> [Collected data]
——————

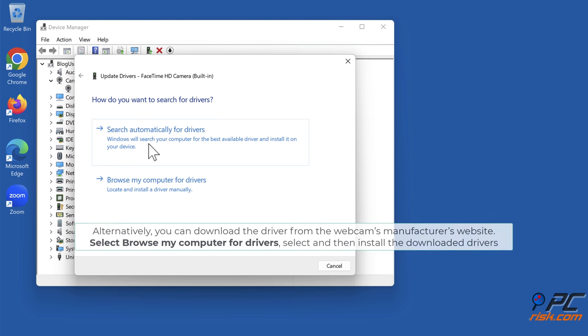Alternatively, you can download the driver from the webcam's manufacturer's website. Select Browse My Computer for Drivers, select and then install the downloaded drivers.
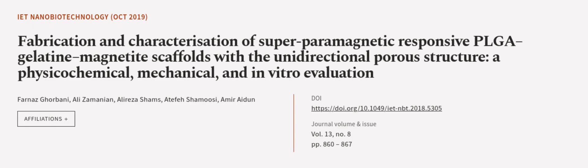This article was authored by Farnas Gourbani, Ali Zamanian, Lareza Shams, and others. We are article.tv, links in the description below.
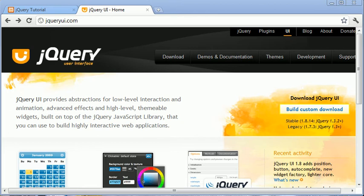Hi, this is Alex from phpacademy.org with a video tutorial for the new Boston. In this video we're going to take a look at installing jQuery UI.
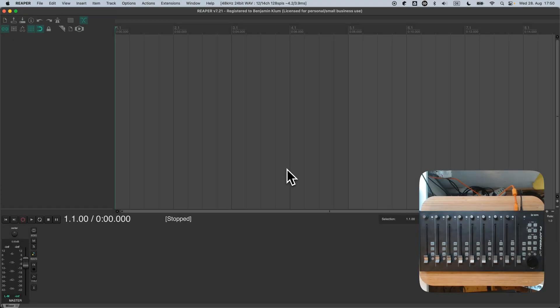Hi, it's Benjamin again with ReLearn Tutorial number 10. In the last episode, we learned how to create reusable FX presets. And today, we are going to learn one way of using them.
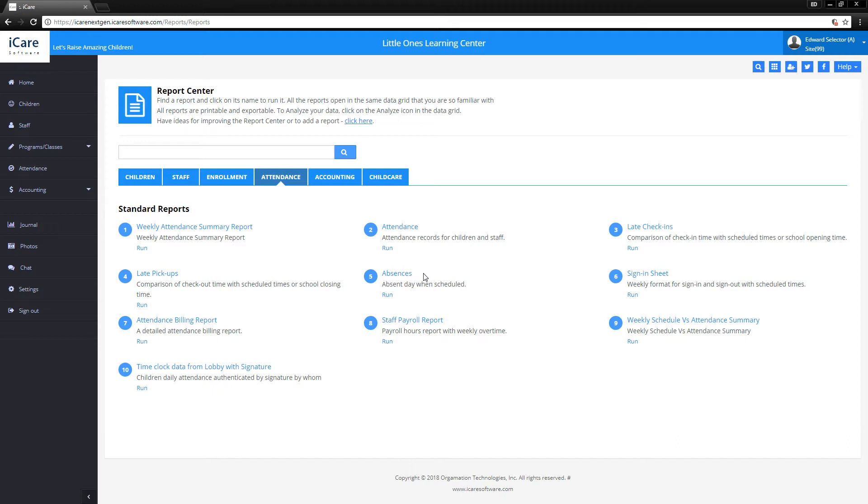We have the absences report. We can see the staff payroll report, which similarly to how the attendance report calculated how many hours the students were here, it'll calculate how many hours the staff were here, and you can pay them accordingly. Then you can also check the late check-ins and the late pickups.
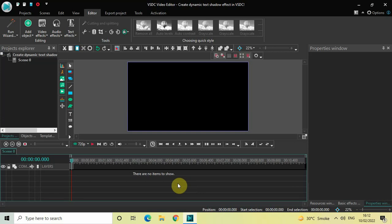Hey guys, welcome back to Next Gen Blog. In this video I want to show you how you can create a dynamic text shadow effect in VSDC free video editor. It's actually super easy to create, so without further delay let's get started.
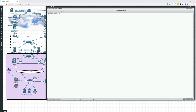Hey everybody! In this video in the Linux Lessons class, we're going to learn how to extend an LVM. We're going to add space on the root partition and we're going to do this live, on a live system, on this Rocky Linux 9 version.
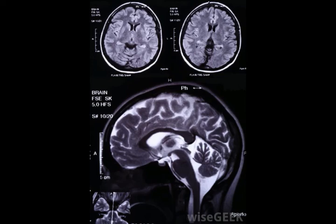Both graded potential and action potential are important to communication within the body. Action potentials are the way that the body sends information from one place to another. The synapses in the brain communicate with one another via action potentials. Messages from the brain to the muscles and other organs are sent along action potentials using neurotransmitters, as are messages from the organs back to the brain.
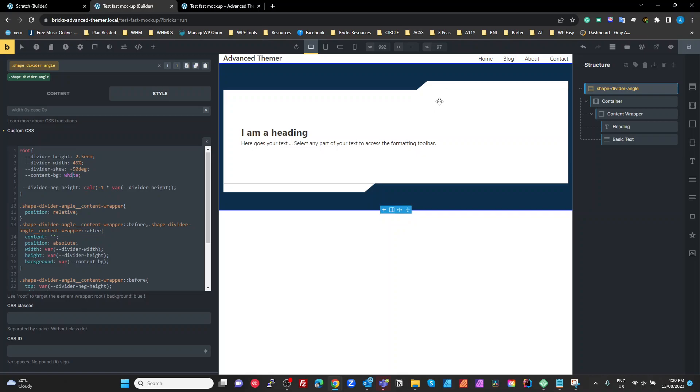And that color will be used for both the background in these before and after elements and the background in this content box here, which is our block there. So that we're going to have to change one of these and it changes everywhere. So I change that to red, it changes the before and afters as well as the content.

——————

The reply should hold the entries above from the line with "This article was" to the line with "Hi, it's Benjamin", duplicated exactly, pictures excluded.

This article was authored by Farnas Gourbani, Ali Zamanian, Lareza Shams, and others. We are article.tv, links in the description below.
Hi, this is Alex from phpacademy.org with a video tutorial for the new Boston. In this video we're going to take a look at installing jQuery UI.
Hi, it's Benjamin again with ReLearn Tutorial number 10. In the last episode, we learned how to create reusable FX presets. And today, we are going to learn one way of using them.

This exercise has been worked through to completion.